Salcido: "We were like, 'Look at that: an order, without a phone-call, without a fax.' "
That's co-owner Tricia Salcido. When she and her best friend Larkin Holavarri bought Softstar in 2005, the shoes were mostly sold wholesale. Now, they retail—or rather, e-tail—90 percent of their volume directly to customers. Their web store feels like a social network. For a premium, people can design-their-own shoes. Trish describes the rainbow of leathers, including fuchsia, kiwi, and shiny metallic sapphire.
Salcido: "There's even coloring pages that the kids can click out. They can color-in what they think they want their shoe to look like. You can even have the Crayola crayon color name link back to the closest color swatch of leather."
Fleeing the corporate grind, Larkin and Trish sought a toddler-friendly workplace. Their kids frolic around the 5,000-square-foot factory, as shoes are cut, sewn and packed for delivery. Larkin is 40. And Trish, just back from maternity leave, is 41. Trish, the entrepreneur, handles marketing. Larkin manages the nuts-and-bolts of production.
Sales doubled in 2010, after Softstar unveiled a new adult shoe -- called the "Run-Amoc." They designed it with input from a growing online community of "barefoot" runners.
Larkin Holavarri: "We had a few customers who were calling us and saying, 'Hey, I was running in your moccasins and this happened.' And we said, "Woah, woah, woah, hold on. You were doing what? And that's when we found out about this whole minimal shoe, barefoot running."
Son: "Mommy, I have a problem."
Holavarri: "You have a problem?"
That's Larkin's two-year-old, still potty-training. Softstar tripled its workforce this past year. The company now has 18 "elves." That includes Softstar s former owner, Tim Oliver, who still happily works here. Other than him, 22-year-old Keita B. has been here the longest--four years.

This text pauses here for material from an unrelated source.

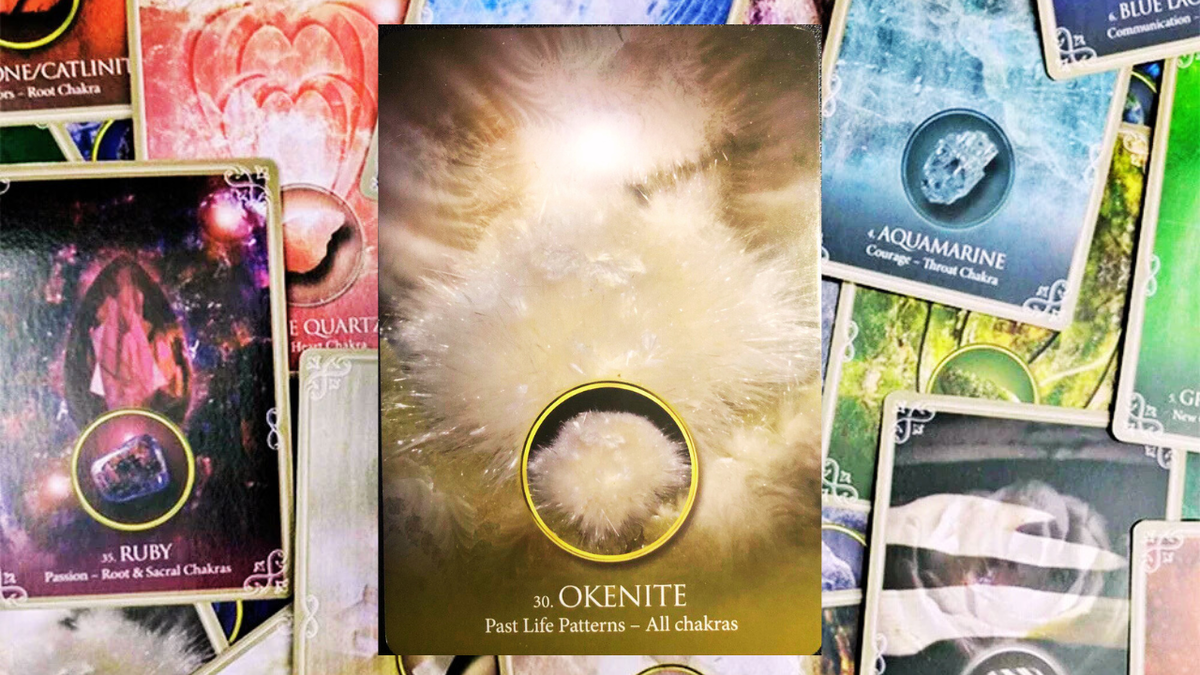 Окенит. Photo «Eternal Crystals Oracle» Jade-Sky.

Keita: "There was an ad in the paper for a job, and I applied, and kind of fell in love with the company. It's very family-friendly, and they want you to be happy to come to work."
Now, Keita's mom, dad and her twin sister Tesla work at Softstar. Keita and Tesla have sheepskin slippers named for them. Larkin takes me to Keita's dad, cutting soles with a hydraulic press.

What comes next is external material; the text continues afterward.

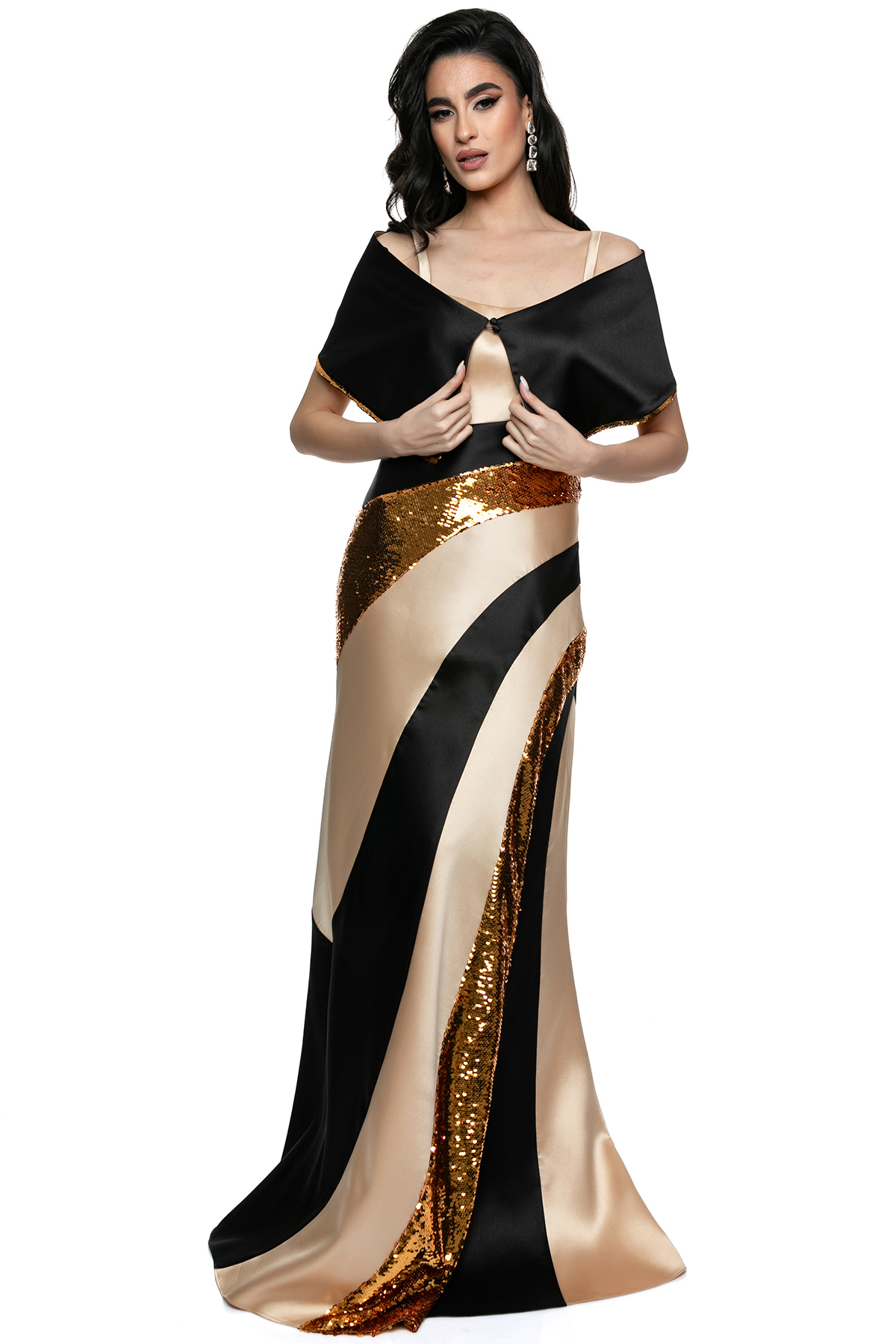 Εντυπωσιακό Στενό Φόρεμα με Χρυσές Λεπτομέρειες και Μαύρες Αντιθέσεις, Συνοδευόμενο από Κάπα Μανίκια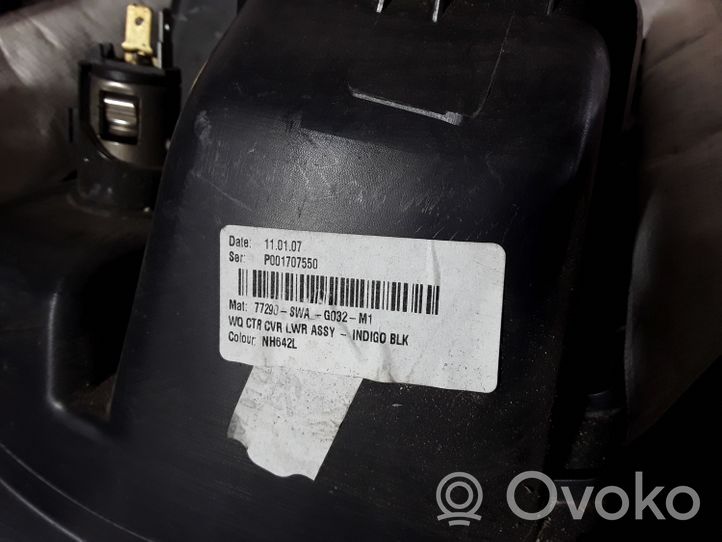 Honda CR-V Savukkeensytyttimen kehys takana 77290SWAA01020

Holavarri: "Then we use the clicker to cut out the leather. And it's basically just a big cookie cutter."
Robert B., an unemployed punch press operator, started about six months ago.
Robert: "Well, I was doing metal fabrication, and was laid off for a year-and-a-half... Yes, it's a lot cleaner. Less noise. Uh, happier environment."
Each elf makes one-to-five pairs of shoes an hour. Their leather has green-cred. Scraps are recycled, for art projects. Trish says they avoid polluted, overseas tanneries.
Salcido: "We only buy our leather from the United States, or sometimes we will buy it from Western Europe."
They ship shoes around the world, to France, New Zealand, and Kurdistan. The baby Mocs start at $29. Adult boots cost more than $200.
Lynn Kahle: "Customers are willing to pay more money if they think they're getting something that's special; something that does a better job of conforming to their unique values."
Lynn Kahle is a sports marketing expert at the University of Oregon. He cautions:
Kahle: "If a competitor comes in and tries to copy their manufacturing and design, but does it with a much less expensive manufacturing process, using Asian sourcing, that might be a threat to them."
Softstar stresses their shoes will always be made in the USA. They hope to grow enough to become a $2- to $5-million company. Then, they could offer employees health benefits. And avoid furloughs during slow seasons. Breast-feeding her newborn in the office, Trish reveals:
Salcido: "This past year was the first year that Larkin and I actually came out positive, in terms of paying ourselves something. The first three years we didn't pay ourselves anything, and then the fourth year, we were paying out more in childcare than we were making."
The fifth year ended in the black. But the artisan shoemaker needs a lot more volume to ensure a financially healthy future.
For KLCC News, I'm Laura McCandlish, reporting from Corvallis.